After the revolution of 1911–12 Mongolia became autonomous under the Lamaist religious ruler Jebsten Damba Khutukhtu. From 1915 it fell increasingly under Chinese influence and not until 1921, with the support of the USSR, were Mongolian nationalists able to cast off the Chinese yoke.

‘Sovietization’
In 1924 Mongolia adopted the Soviet system of government and, after proclaiming itself a people's republic, launched a programme of ‘defeudalization’, involving the destruction of Lamaism. In 1931, when two provinces revolted against the Communist Party, religious buildings were destroyed and mass executions carried out on the orders of the Soviet dictator Stalin. An armed uprising by antigovernment forces in 1932 was suppressed with Soviet assistance. Marshal Horloogiyn Choybalsan, a former independence fighter, was the effective ruler of the nation until his death in 1952. China recognized its independence in 1946, but relations deteriorated as Mongolia took the Soviet side in the Sino-Soviet dispute. In 1966 Mongolia signed a 20-year friendship, cooperation, and mutual-assistance pact with the USSR, and some 60,000 Soviet troops based in the country caused China to see it as a Russian colony.

Economic change
Isolated from the outside world during the 1970s, under the leadership of Yumjaagiyn Tsedenbal (1916–1991) – the nation's dominant figure from 1958 – Mongolia underwent great economic change as urban industries developed and settled agriculture on the collective system spread, with new areas being brought under cultivation. Tsedenbal was deposed in 1984 by Jambyn Batmuntch.
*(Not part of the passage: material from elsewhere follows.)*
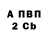 Амфетамин VHQ Ban Bani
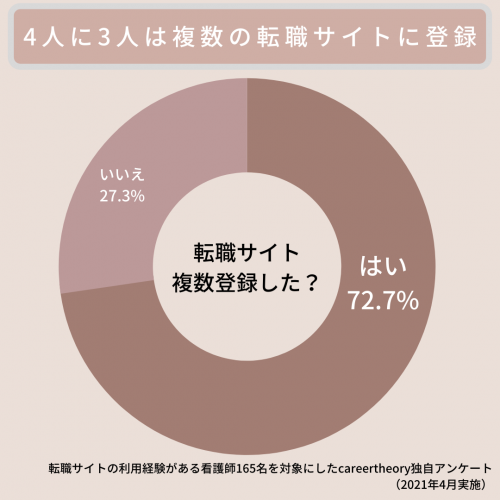 看護師転職サイト複数登録調査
Foreign contact and influence
After the accession to power in the USSR of Mikhail Gorbachev, Mongolia was encouraged to broaden its outside contacts. Cultural exchanges with China increased, diplomatic relations were established with the USA, and between 1987 and 1990 the number of Soviet troops stationed in the country was reduced from 80,000 to 15,000. Influenced by events in Eastern Europe, an opposition grouping, the Mongolian Democratic Union, was illegally formed in December 1989 and spearheaded a campaign demanding greater democratization. The Communist Party (MPRP), meanwhile, became committed to political and economic reform.

Multiparty politics
Free multiparty national elections and local municipal and people's hurals were held in July 1990. The MPRP secured 83% of the seats of the central parliament and 62% of the seats in the Little Hural, the central committee of the MPRP. The principal opposition body, the Democratic Party, led by Erdenijn Bat-Uul, captured only 5% of the seats.

The new assembly elected the MPRP's Punsalmaagiyn Ochirbat as president and Dashiyn Byambasuren as prime minister in September 1990.

In March 1991 Budragchaa Dashyondon was elected head of the MPRP to replace the allegedly too conservative Gombojavyn Ochirbat. In the wake of the anticommunist repercussions of the failed August 1991 anti-Gorbachev coup in the USSR, President Ochirbat resigned from the MPRP. Twelve former members of the MPRP were subsequently charged with corruption during their terms in office.

Towards a free-market economy
The government embarked on an ambitious but, in the short term, painful programme to achieve the transition from central planning to a market economy by 1994. Prices were freed, the currency was massively devalued, a new banking system and stock exchange were established, privatizations began, and the country joined the International Monetary Fund and the Asian Development Bank. The initial period saw a sharp decline in GDP which dropped by 10% in both 1991 and 1992 and during 1993 the economy contracted further, despite pledges of economic aid from Japan, loans from the IMF, and the signing of a Friendship and Cooperation Treaty with Russia. However, Mongolia's economy achieved a growth of 6% per annum by 1996, inflation was greatly reduced, and privatization began to take hold.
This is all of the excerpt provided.